В трилогии «Десять лет спустя» мушкетеры уже гиганты гомеровского эпоса, они – эталон чести, образец морали, ставшей неуместной в эру имперской власти. Мушкетеры неуместны и неотменимы. Мелкое время взирает на гигантов с изумлением и неприязнью, но их величие неуязвимо. Их мощь завораживает: идут против армий, как Дон Кихот шел против великанов. То, что в случае Дон Кихота оборачивалось очевидной ошибкой, то, что стало метафорой обреченного на поражение усилия, в отношении мушкетеров приносит плоды: армии бегут. Это донкихоты-победители.

Родство испанского идальго с мушкетерами косвенным образом подтверждает еще один бретер того времени, Сирано де Бержерак. Помните, в драме Ростана его (гордого гасконца, как и д’Артаньян) сравнивает с Дон Кихотом вельможа де Гиш:

– Скажите… Вы читали «Дон Кихота»?

– Читал.

– И что ж вы скажете о нем?

– Что шляпу снять меня берет охота

При имени его одном.

– Да, в битве с мельницей случается легко,

Что крылья сильные забросят далеко:

Того, кто с ней осмелится сражаться,

Она отбросит в грязь!..

– А вдруг – за облака?..

В утверждении цепочки д’Артаньян – Сирано – Дон Кихот Ростан следует до конца: он делает д’Артаньяна свидетелем дуэли Сирано с виконтом де Вальвером. Д’Артаньян подходит и пожимает Сирано руку.

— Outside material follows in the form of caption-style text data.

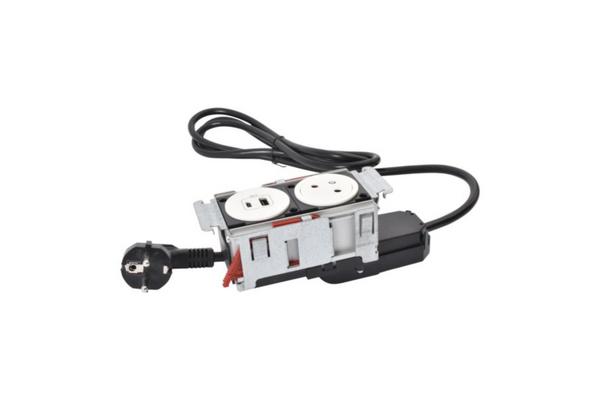 Disq In Incara 2 postes 2P+T + USB A+C - blanc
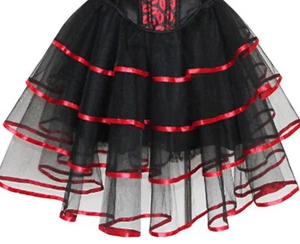 Tüllrock knielang f. Corsage Stufenrock Skirt schwarz rot o. lila Satin Vintage - Picture 1 of 9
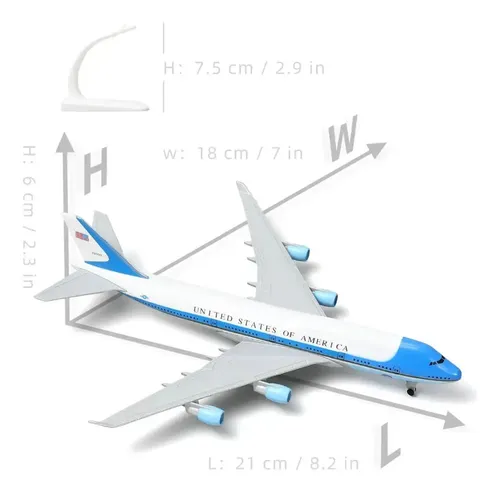 Miniatura Avião Boeing 747 Air Force One 21 Cms | Frete grátis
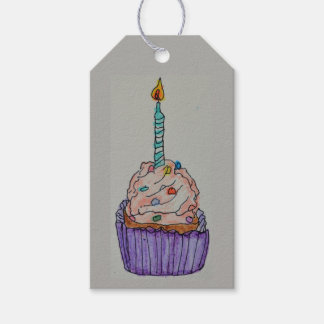 Happy Birthday Cup Cake Gift Label Cadeaulabel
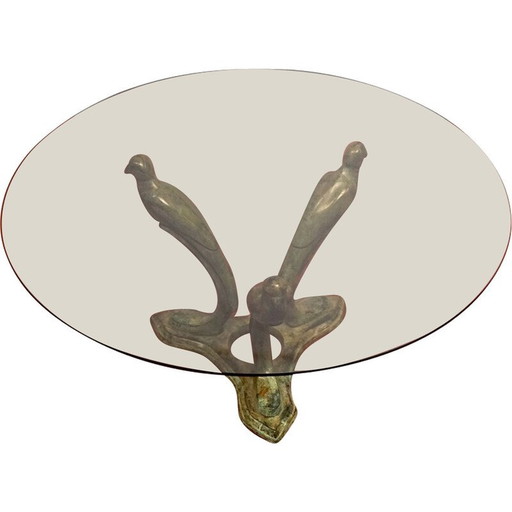 Vintage Pfau Couchtisch aus Metall und Rauchglas, Deutschland 1970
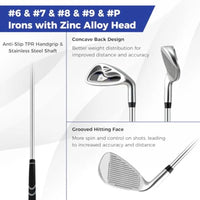 Complete Golf Club Set for Men 12 14 PCS Right Hand Golf Clubs Set with 1 Driver 3 Fairway 4 Hybrid 6 7 8 9 P Irons Putter Head - Buy online at  Vibe In Cart.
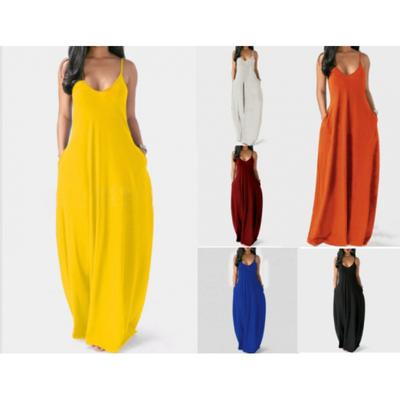 Large Size Women's Solid Color Sexy Deep V Suspender Long Skirt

– Позвольте, сударь мой… Меня увлек

Поступок ваш; я от души вам хлопал —

В вещах подобных я знаток,

Но не видал еще таких примеров.

– Кто этот господин?

– А, этот? Д’Артаньян, один

Из трех известных мушкетеров.

Сирано де Бержерак, герой Тридцатилетней войны, поэт, гордец, презиравший равно и Фронду, и королевскую власть, остается для мушкетеров вечным спутником, как и Дон Кихот. Мушкетеры (как и Дон Кихот, как и Сирано) воплощают стать рыцарства вопреки веку дворцовых шаркунов, мушкетеры становятся над историей, действуют вопреки реальности.

Повествование разрастается: для третьей его части одного тома мало, Дюма требуется написать панораму века. Надобно показать, как последние рыцари противостоят веку наживы и абсолютной имперской власти, как капитализм сменил Ренессанс. Так из авантюрного романа, написанного в XIX веке бульварным новеллистом, выросло величайшее произведение рыцарского эпоса, возникла эпопея, коей завершается французский Ренессанс. Подобно холстам позднего Тициана, замыкающим историю итальянского Возрождения, начатого Данте и Джотто, трилогия Дюма завершает французский Ренессанс, отмеченный такими фигурами, как Рабле, Фуке, Вийон, Деперье и Клеман Маро.